Limoncello is one of the most common infused liqueurs, and an excellent way to start or end a meal. This simple liqueur is an Italian creation that has found its way into homes around the world. Make your own with leftover citrus. This recipe is adapted from Top 50 Most Delicious Homemade Liqueur Recipes (Amazon Digital Services, 2013).

Makes 1 liter

10 lemons

1 liter vodka (80-100 proof)

2 cups sugar

3 cups water

With a vegetable peeler or paring knife, cut off the yellow rinds of the lemons, leaving the bitter white piths behind. Add the lemon peels to a sanitized jar and pour in the vodka. Let sit for 1 week in a cool, dark place.

To make a simple syrup, mix the water and sugar together in a small saucepan and bring to a boil over medium-high heat. Stir until the sugar is completely dissolved, then remove from heat and let cool.

Strain the lemon vodka, then mix in the simple syrup and pour the liqueur into a sanitized bottle. Seal the bottle and store for up to several months.


Blood Orange, Quince, Cranberries And Saffron Liqueur With Thyme

Mixologist Warren Bobrow from New York devised this fantastically wintry and decadent recipe. "I want spices to warm my insides, and I want the herbs to speak to me of the summer now past. The stone fruits coat my throat, weary from colds, and the cranberries add spark and humor to each sip," Bobrow says of this liqueur. This recipe is a tad more involved, but the results are well worth the work. If you can't find fresh quince, try apple or pear as a substitute.

Makes 1 liter

1 quince*

Several sprigs thyme

1 cup cranberries

2 cups raw sugar (such as turbinado or demerara)

1 blood orange

A few pinches saffron

1 liter vodka or other neutral grain spirit

*Look for fresh quince from October to December in farmers markets or ethnic groceries.
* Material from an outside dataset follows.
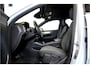 Volvo XC40 1.5 T5 193kW/262pk DCT7 Recharge Business Pro ADAPT.CRUISE + PILOT ASSIST + STOELVERWARMING + CAMERA + STUURVERWARMING + KEYLESS ENTRY&GO + CLIMA + BLIS + LANE ASSIST + VOORRUITVERWARMING + PARKSENSOREN V&A + 18" LM-VELGEN!!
Preheat oven to 300 degrees.

Sterilize an extra-large canning jar with boiling hot water and keep in the water bath until ready to use.

Sprinkle quince, thyme and cranberries with sugar and roast for at least 3 hours at 300 degrees, then set aside to cool.

Add the roasted quince, cranberry and thyme mixture to the sterilized canning jar.

With a vegetable peeler or paring knife, cut off the orange rind of the blood orange, leaving the bitter white pith behind. Sliver the rind and add it to the jar. Then, separate the blood orange into segments and add that as well. Add 2 to 3 pinches of saffron, and top the mixture with vodka or another neutral grain spirit. Let cool, and store in a cool, dark place for at least a month.

Strain out the fruit and bottle the liqueur. This will last up to a year in the refrigerator.